April 16, 2012 5:43 pm
I am investing in mutual fund through SIP.Recently I found in a news paper that STP is more beneficial than SIP. Is it correct?what is STP? Manishji please guide me in this regard.
Thanks for your valuable answers.
I would recommend STP only if you have SIP amount in excess of 5000 and spread over the month in same AMC.
Otherwise its not worth the extra work for the meager difference in what you earn as interest in between.
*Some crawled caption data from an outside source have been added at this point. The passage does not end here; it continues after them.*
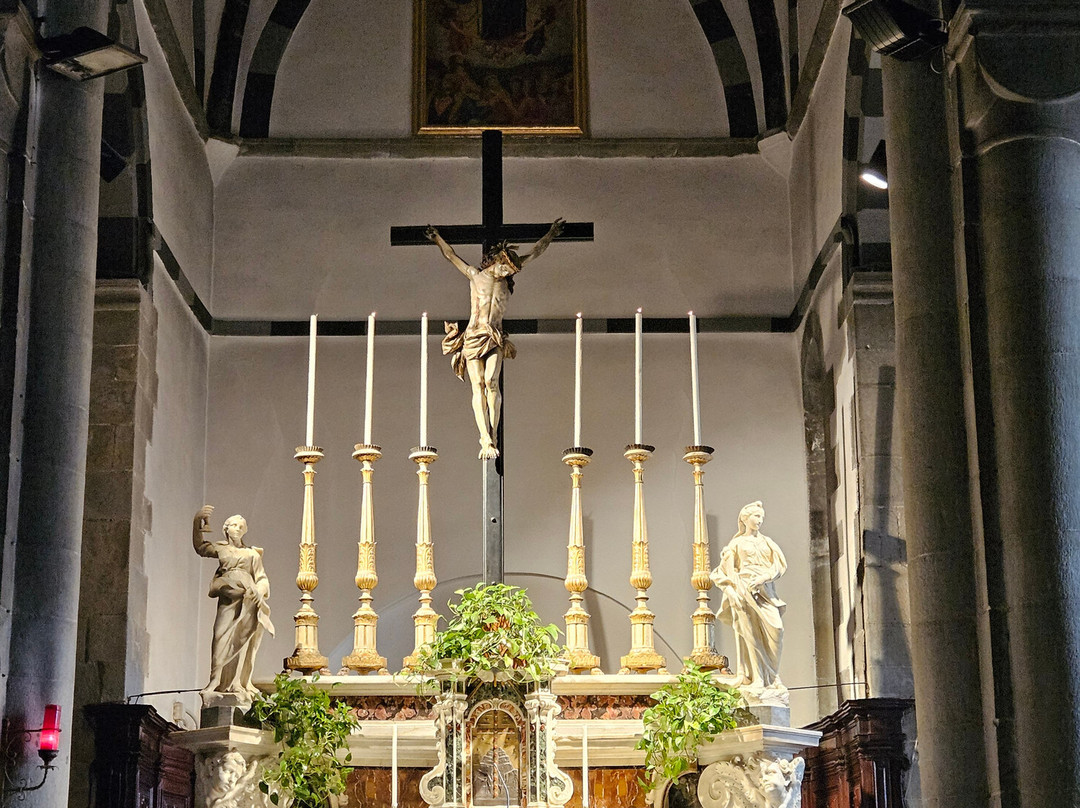 Church of San Giovanni Battista-里奥马焦雷必去景点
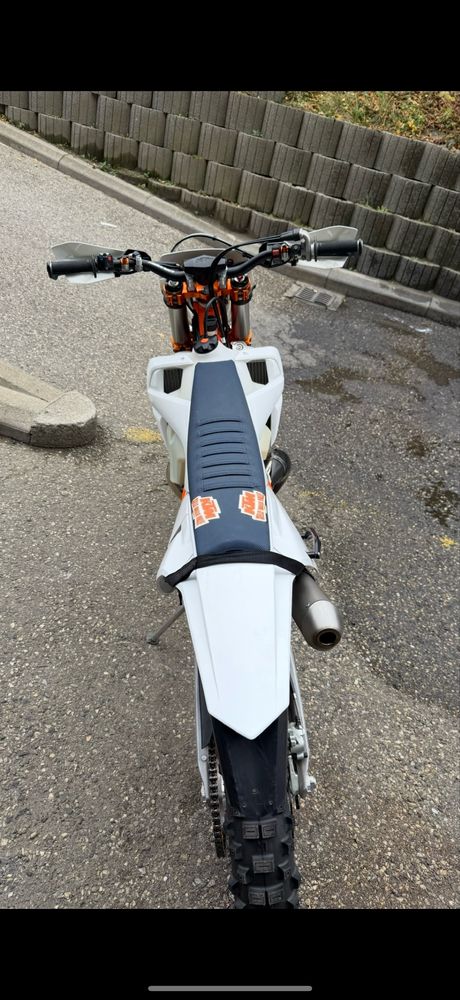 Ktm exc 250 com apenas 30h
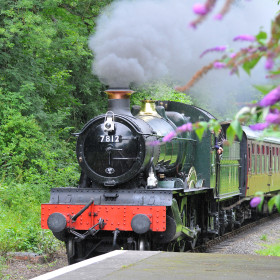 Smugglers, spas and steam trains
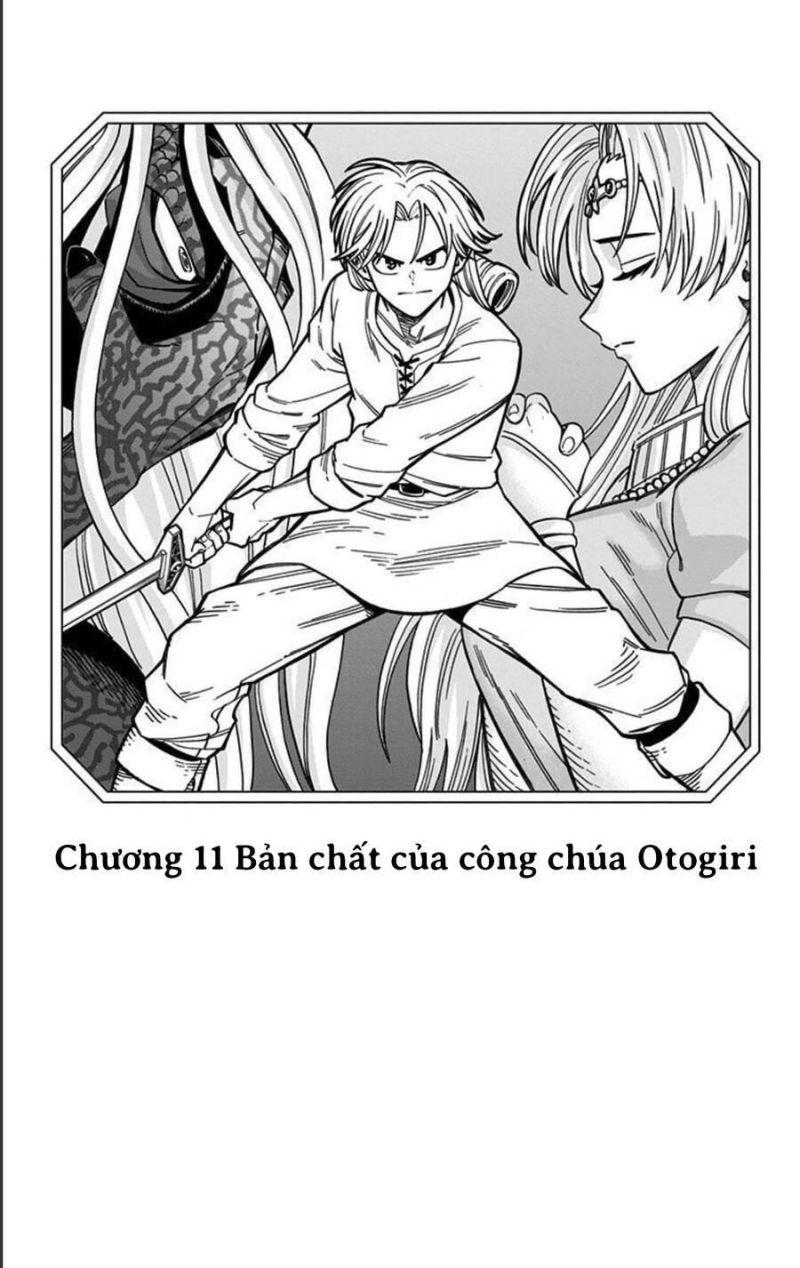 dragon quest - dũng giả avan và ngục viêm ma vương chapter 11 1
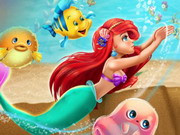 Ariel Ocean Swimming
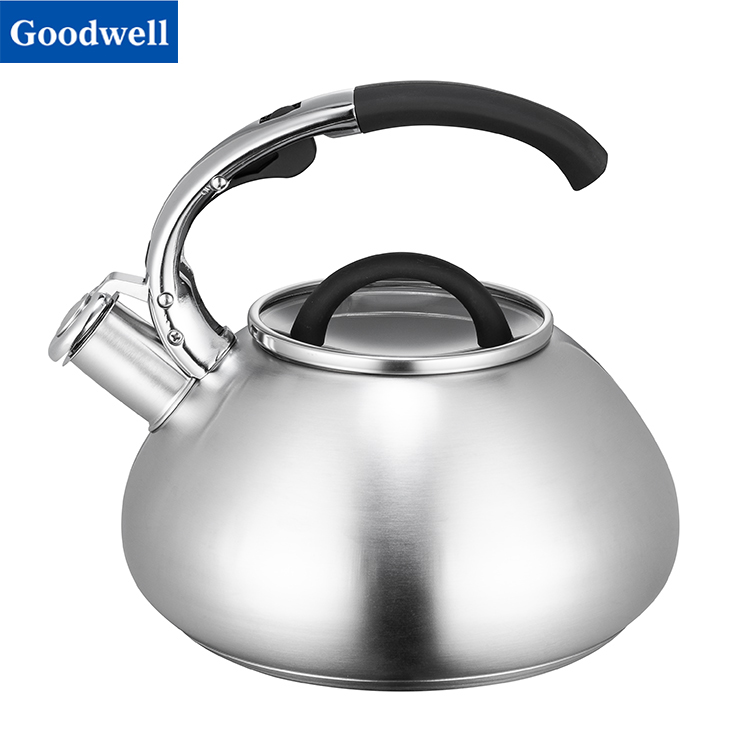Stainless Steel Whistling Kettle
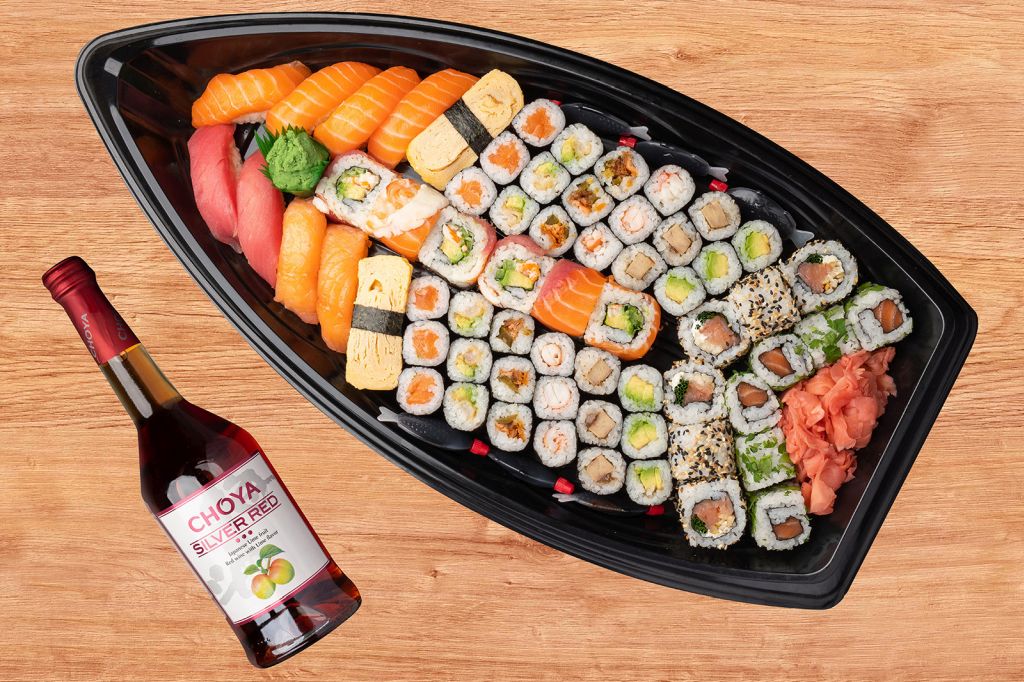 Kurisumasu I Love Sushi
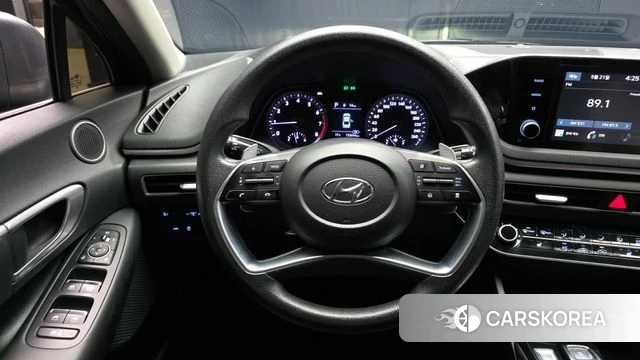 Hyundai Sonata (DN8) 2019 Черный из Кореи, фото 4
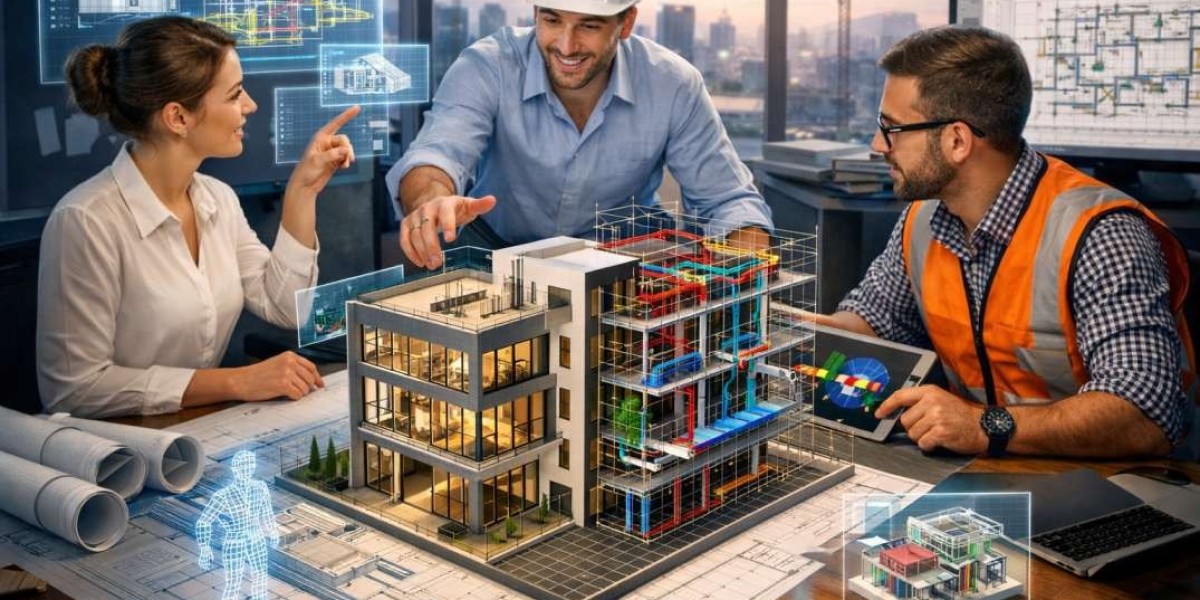 How Architectural BIM Modeling Services Improve Design Coordination and Project Clarity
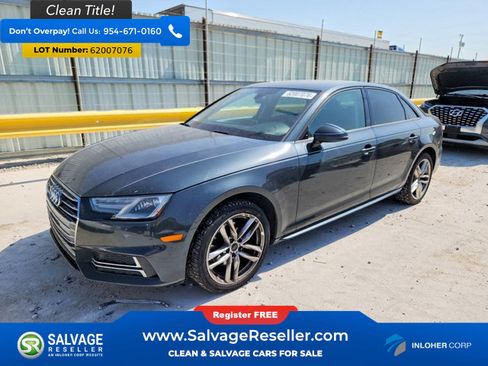 Used 2017 Audi A4 2.0T Ultra Premium w/ Convenience Package FWD image 1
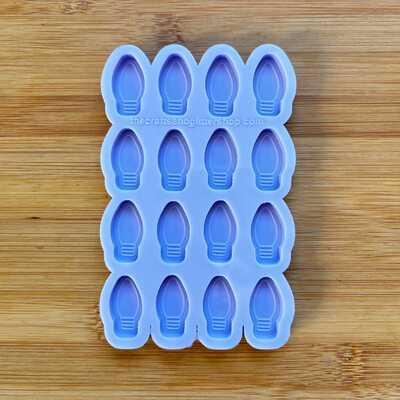 Light bulb silicone mold - Thumbnail 2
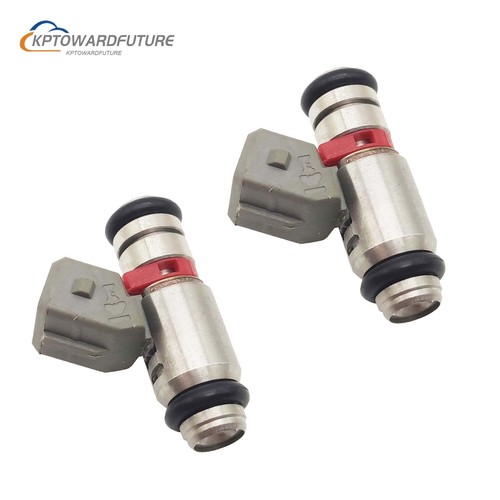 2x Fits For Harley 08-16 FLH 2761708 Twin Power High Flow Fuel Injector 5.3+ g/s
Say for example if you have SIP in HDFC top200,HDFC prudence and HDFC Equity on 4th ,10th and 15th of the month and the SIP in each case is about 5000 then it makes sense to setup STP otherwise its not a big difference maker
Dear Sanjay, STP stands for Systematic Transfer Plan. Normally it’s usefull for those persons who do have a lump sum amount to invest in & want to invest systematically. Rest already discussed by dear justgrowmymoney.
IN SIP money lies in Savings Account until invested in the Scheme. This is on average 4%.
In STP you buy a Debt fund with the same AMC as the SIP is currently in and then do a STP (Systematic Transfer Plan) to your scheme. For the duration of the time between 2 SIPs this corpus in Debt fund grows – currently around 8.5% or so. Thus your money works harder.